Recopilando en su mayoría versiones alternativas de estudio o en vivo de material ya editado (“Ring them Bells” y “Most of the Time” del por lo demás acalambrado Oh Mercy de 1989, “Ain’t Talkin’” de Modern Times, 2006; composiciones de banda de sonido (“Huck’s Tune” de Lucky You, la interminable “Cross the Green Mountains” de la épica de la Guerra Civil Gods and Generals); y canciones abandonadas y ahora escuchadas por primera vez (“Marchin’ to the City”, “Dreamin’ of You”, “Red River Shore”, todas dejadas afuera de Time Out of Mind –los 27 tracks de Tell Tale Signs y los 12 temas adicionales en el paquete expandido trazan la exploración de Bob Dylan de este territorio–. Hay callejones sin salida (la programática “Dignity”, la canción de protesta ready-made “Everything is Broken”) y callejones hechos para asaltos, como “Tryin’ to Get to You”, con su inicial forma Carter Family disuelta sobre el escenario en Londres en 2000 cuando es cantada por alguien que se parece a Bob Dylan pero suena exactamente como la especie de crooner de los años ‘50 que el crítico Nick Cohn una vez describió como “blanco, astuto, de buen hablar, y falso hasta las uñas del pie”. Y es un tour de force.

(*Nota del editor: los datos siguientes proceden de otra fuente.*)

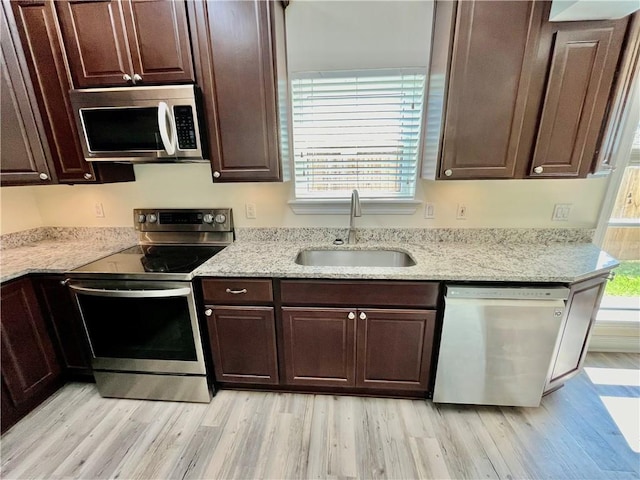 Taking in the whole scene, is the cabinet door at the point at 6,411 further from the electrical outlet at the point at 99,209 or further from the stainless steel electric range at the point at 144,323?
the electrical outlet at the point at 99,209

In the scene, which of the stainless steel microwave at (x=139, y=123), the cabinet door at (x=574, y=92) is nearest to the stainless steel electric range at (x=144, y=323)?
the stainless steel microwave at (x=139, y=123)

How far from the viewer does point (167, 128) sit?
→ 1.57 metres

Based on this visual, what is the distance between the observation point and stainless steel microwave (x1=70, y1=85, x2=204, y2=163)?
1561 mm

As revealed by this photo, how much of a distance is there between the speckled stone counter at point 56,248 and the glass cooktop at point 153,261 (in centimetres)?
13

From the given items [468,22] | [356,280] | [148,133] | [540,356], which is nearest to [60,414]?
[148,133]

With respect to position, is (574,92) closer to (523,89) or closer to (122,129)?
(523,89)

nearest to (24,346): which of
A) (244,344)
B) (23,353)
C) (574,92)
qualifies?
(23,353)

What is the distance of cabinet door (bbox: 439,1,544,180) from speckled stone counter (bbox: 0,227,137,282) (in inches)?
92.8

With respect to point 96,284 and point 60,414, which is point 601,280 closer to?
point 96,284

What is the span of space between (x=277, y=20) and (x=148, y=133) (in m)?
0.99

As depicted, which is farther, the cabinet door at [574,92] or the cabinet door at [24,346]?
the cabinet door at [24,346]

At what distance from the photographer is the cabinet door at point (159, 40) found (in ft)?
4.94

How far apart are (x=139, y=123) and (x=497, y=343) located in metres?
2.39

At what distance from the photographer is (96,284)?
1636 mm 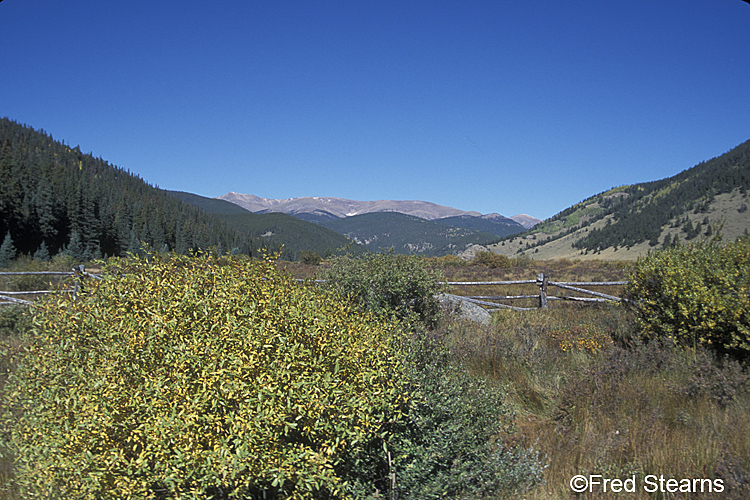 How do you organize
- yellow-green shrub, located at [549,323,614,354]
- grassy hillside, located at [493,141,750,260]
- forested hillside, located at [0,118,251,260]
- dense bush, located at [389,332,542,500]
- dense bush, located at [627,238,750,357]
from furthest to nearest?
1. grassy hillside, located at [493,141,750,260]
2. forested hillside, located at [0,118,251,260]
3. yellow-green shrub, located at [549,323,614,354]
4. dense bush, located at [627,238,750,357]
5. dense bush, located at [389,332,542,500]

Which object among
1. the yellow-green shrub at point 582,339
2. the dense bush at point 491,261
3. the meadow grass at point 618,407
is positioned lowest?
the meadow grass at point 618,407

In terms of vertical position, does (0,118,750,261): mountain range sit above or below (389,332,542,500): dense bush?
above

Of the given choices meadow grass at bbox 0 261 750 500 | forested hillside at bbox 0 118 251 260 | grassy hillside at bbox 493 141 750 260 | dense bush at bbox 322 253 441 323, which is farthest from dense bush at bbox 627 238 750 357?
grassy hillside at bbox 493 141 750 260

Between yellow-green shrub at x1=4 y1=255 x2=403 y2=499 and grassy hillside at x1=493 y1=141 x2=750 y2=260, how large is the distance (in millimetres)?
75609

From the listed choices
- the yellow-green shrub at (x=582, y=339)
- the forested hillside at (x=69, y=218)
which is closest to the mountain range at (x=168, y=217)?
the forested hillside at (x=69, y=218)

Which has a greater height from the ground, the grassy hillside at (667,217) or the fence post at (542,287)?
the grassy hillside at (667,217)

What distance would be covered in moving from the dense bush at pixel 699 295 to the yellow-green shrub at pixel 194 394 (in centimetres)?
455

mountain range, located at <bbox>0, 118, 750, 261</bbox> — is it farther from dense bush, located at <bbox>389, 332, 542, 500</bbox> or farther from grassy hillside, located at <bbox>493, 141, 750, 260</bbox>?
dense bush, located at <bbox>389, 332, 542, 500</bbox>

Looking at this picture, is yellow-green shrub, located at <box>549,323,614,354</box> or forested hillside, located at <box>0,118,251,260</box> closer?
A: yellow-green shrub, located at <box>549,323,614,354</box>

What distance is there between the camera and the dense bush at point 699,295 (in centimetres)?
480

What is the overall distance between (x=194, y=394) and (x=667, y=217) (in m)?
116

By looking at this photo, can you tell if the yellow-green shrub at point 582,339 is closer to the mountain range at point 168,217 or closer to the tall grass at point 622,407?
the tall grass at point 622,407

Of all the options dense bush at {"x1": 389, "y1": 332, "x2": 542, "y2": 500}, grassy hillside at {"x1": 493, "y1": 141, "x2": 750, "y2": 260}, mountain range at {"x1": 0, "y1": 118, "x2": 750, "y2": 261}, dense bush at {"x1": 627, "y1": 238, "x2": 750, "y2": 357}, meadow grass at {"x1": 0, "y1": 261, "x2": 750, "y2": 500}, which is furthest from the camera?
grassy hillside at {"x1": 493, "y1": 141, "x2": 750, "y2": 260}

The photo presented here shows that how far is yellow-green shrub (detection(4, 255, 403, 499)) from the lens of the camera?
6.45ft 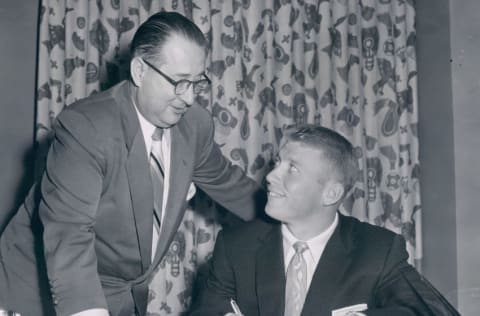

Hay variaciones que no expanden las posibilidades de una canción sino que las agotan (las tres versiones de Time out of Mind de “Mississippi”, que fue regrabada para Love and Theft de 2001). Al principio Tell Tale Signs puede parecer una colección de viejas páginas, una pila de notas al pie y apéndices. Pero como demuestra el compendio compactado de 31 versiones en vivo grabadas durante 1993 de la canción folk “Jim Jones”, de Good as I Been to You –mientras en nueve meses la melodía de la canción se come la letra, la letra encuentra una nueva fuerza en su ritmo, y finalmente el ritmo gira hacia la abstracción, y el narrador de la canción, un prisionero enviado desde Londres hacia el pozo del infierno de la Australia del siglo XIX, se convierte en un filamento de su propia imaginación, su propio Holandés Errante sin salida al mar– no hay límite en lo que, si el espíritu es el correcto, Dylan puede hacer con una canción. Una interpretación que parece chata revela capas; un cantante que se pierde letras en sus propias palabras aparece buscando algo completamente diferente. La música que está aquí no será escuchada la primera vez.
Por esa razón, no tiene sentido decir que “Red River Shore”, a pesar de la tragedia de su historia, es tan abierta como las llanuras. Después de escucharla un par de veces, puede parecer demasiado dulce, no la tragedia que parece significar en absoluto. Cuando uno la escucha, puede ser reemplazada en el tope del chart de esta colección por “Most of The Time”, una canción compuesta con tanto cuidado que es posible imaginar que si Dean Martin o Fred Astaire hubieran tenido la oportunidad de grabarla, sus versiones serían mejores que la de Dylan; y tal como la interpreta Dylan, en solitario en el primer disco, con un calmo, recatado acompañamiento en el tercero, hace que uno pueda perder la cuenta del tiempo, al punto que el hecho de que Tell Tale Signs deje huellas sobre las últimas dos décadas de la música norteamericana, no necesite significado alguno.